Good decision on the move, past self.
So living with the boy, one month in. We have come to grips that every single work day, he will wake me up before I intend to be up. And that every single weekend day, I will wake him up because I can’t sleep in any longer and I have a headache.
And you’re thinking to yourself, you wake up on the weekends with headaches? Why so many hangovers? Take it easy.
When really -
Headaches. For some people prone to headaches, sleeping longer than usual on a weekend or vacation can cause head pain. Researchers believe this is due to the effect oversleeping has on certain neurotransmitters in the brain, including serotonin. – WebMD
The way one doctor explained this to me years ago, was that your stress level is at a certain level during the week and once you relax for the weekend it triggers the migraine.
I’d so much rather it be a hangover – “You had too much fun last night.”
But no. “You got too much sleep last night.”
We’ve also come to figure out what shows we’ll mutually enjoy, since I, who apparently lacks interest in life’s miracles, don’t relax to documentaries about dinosaur mummies and Ryan’s idea of a good time does not always involve Friends and Sex and the City.
So, to find the happy medium, we’ve somehow calculated that Dinosaur Mummy Show plus Friends divided by two equals…
Hoarders. Every episode of Hoarders that comes on television. We went out to dinner Friday night and had a 3-episode marathon being DVR’d at home for our return.
We also like Jeopardy, even when I yell at the Teen Jeopardy contestants for being stupid.
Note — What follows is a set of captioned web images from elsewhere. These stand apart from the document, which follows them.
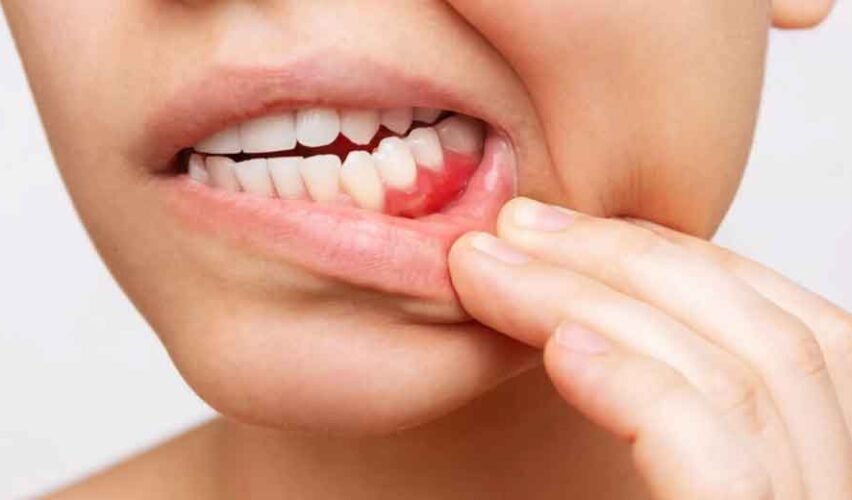 Why Your Gums Deserve a Specialist (Not Just a Dentist)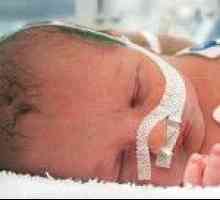 Generic neonatalne ozljede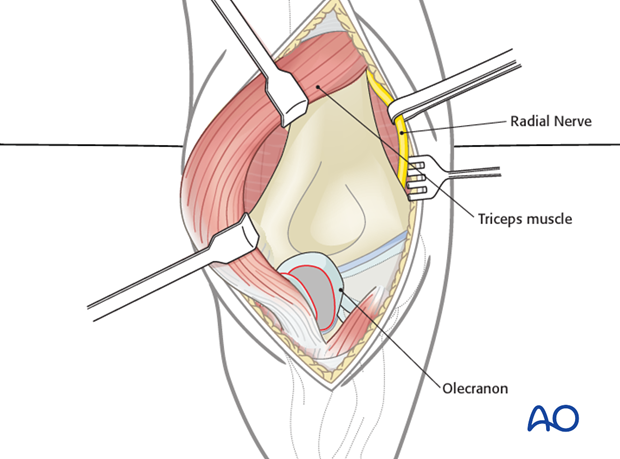 posterior approach without olecranon osteotomy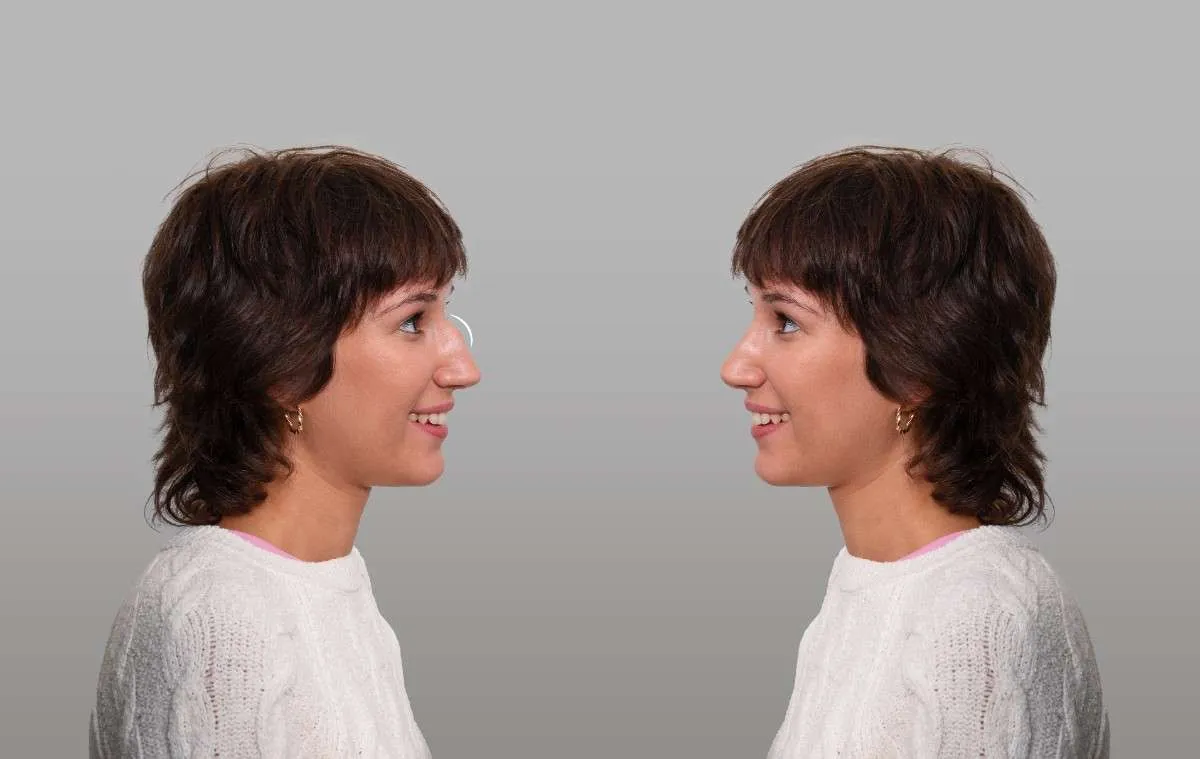 Is Nose Surgery Permanent? What You Need to Know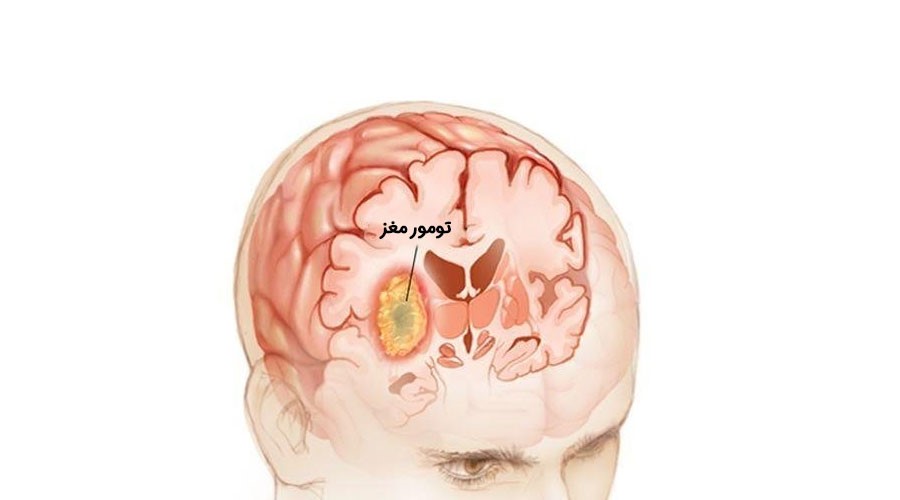علائم تومور مغزی: شناسایی، پیشگیری و درمان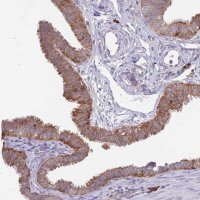Anti-EXOSC8 antibody produced in rabbit HPA039702-100UL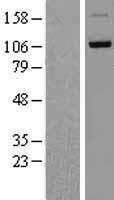 DDHD1 Human Over-expression Lysate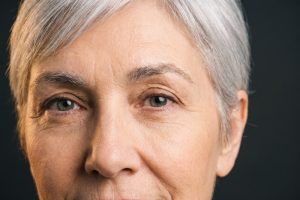 Sample photo for Droopy eyelid surgery (model image)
I’m just saying, if three genius teenagers’ answers to “This flavor of Cap’n Crunch…” is “Oops All Berries” (a one-year promo kind), “Cinnamon Toast Crunch” and (no answer), you’re going to get me yelling “PEANUT BUTTER” at the television. Because everybody knows that Peanut Butter Crunch has been around forever, just six years less than the original.
Living together’s fun. Even if it means sometimes I have someone staring at me intensely while I brush my teeth just to make me self-conscious about any possible stray toothpaste situation. And now I have someone around who might grab the Tylenol for my Saturday morning sleep-in headaches and I have to get over my inability to swallow a pill gracefully.
And sometimes you forget there’s another person in the other room, so you’re doing the dishes in the kitchen and in your own little world, and you hear, “Babe, were you just singing in there?”
And you go, “Um, no, nope I definitely wasn’t. Maybe I was humming to myself and didn’t notice?”
Because I’m certainly not going to get caught singing to myself. Especially by The Boyfriend Who Sings.
So maybe I’ll admit to humming unknowingly maybe, admitting to that with a side dose of causing the boy to think he was hearing things. Because I’m definitely not going to admit singing to myself while I do the dishes. Maybe if I was good. Or the song was good. But I’m not a good singer. And especially not if the song is something lame and cheesy, you know, like on the lines of Celine Dion and Andrea Bocelli’s The Prayer.
Which it was.
No, I’d much rather just let the boy feel like he was hearing things.